Çelebi Mehmet, Osmanlılar tarafından “Türklerin Nuh Peygamberi” olarak anılırmış. Yalnız, hainleri sürekli bağışlamasını bir zaaf olarak değerlendirmiş yazar.

2. Murad’ın saltanatının ilk yılları Mustafa Çelebi’nin isyanı ile geçiyor. Mustafa Çelebi neredeyse başarılı olacakken hırslarına kurban olup kaybediyor. İsyanın kritik noktalarından birisi Cüneyd’in Mustafa’yı terk etmesi, bir diğeri de Köse Mihal’ın torunlarından birisi olan akıncı beyinin Mustafa Bey’in tarafında olan akıncıları yanına çekmesi.

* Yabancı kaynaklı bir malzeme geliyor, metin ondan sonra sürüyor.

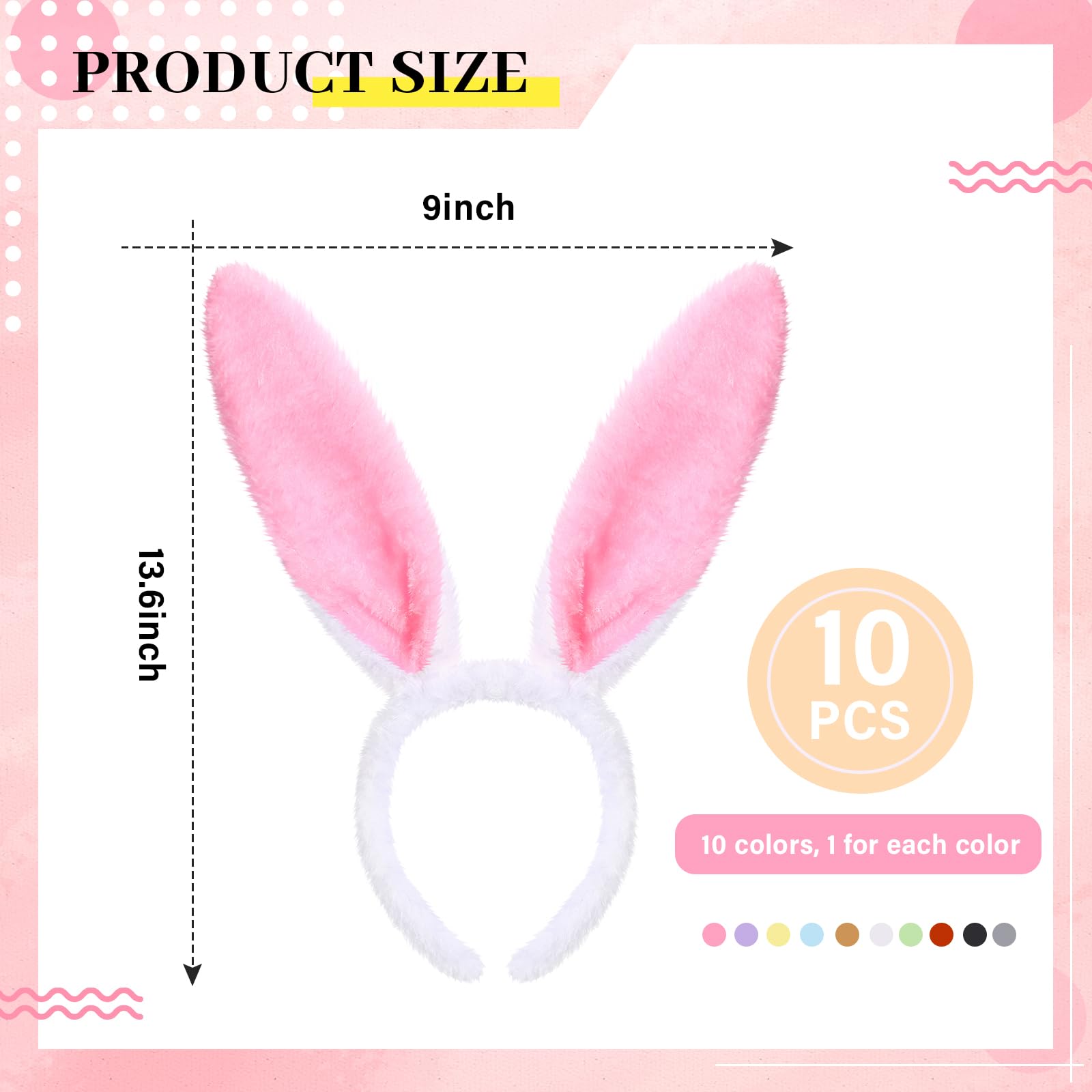 WILLBOND 10 orejas de conejo de felpa de Pascua, diadema de orejas de conejo para adultos, accesorios de fiesta de cosplay, Arcoíris, Rabbit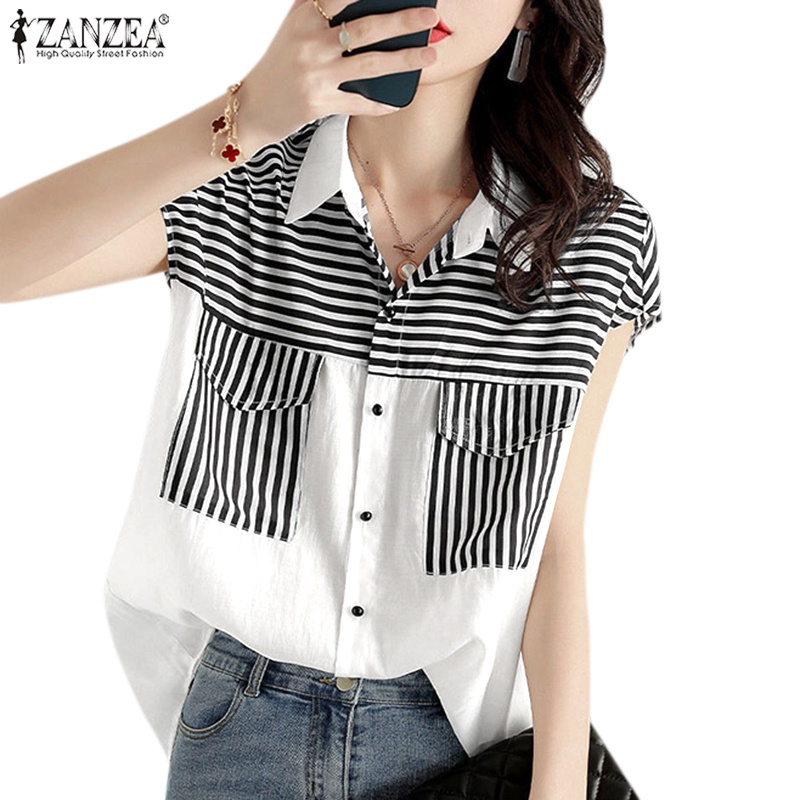 Zanzea Áo Sơ Mi Tay Dài Kẻ Sọc Có Túi Trước Thời Trang Cho Nữ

Fatih Sultan Mehmet’in en belirgin özelliğinin otoriter mizacı olduğunu düşünüyor yazar. Çocukluğunda bile belirginmiş bu özellik. 2. Murad ise aşk ve sevgi insanıymış. 1444 senesinde düşmanlarıyla anlaşma imzalayan 2. Murad padişahlığı oğluna bırakıp Manisa’ya çekiliyor. Yeminle yapılan bu anlaşmadan dönen Macarlar büyük bir ordu toplayıp Osmanlı topraklarına girdiklerinde büyük bir deprem oluyor ve bu depremi yeminlerinden dönmenin ilahi bir işareti olarak görüp korkuyorlar.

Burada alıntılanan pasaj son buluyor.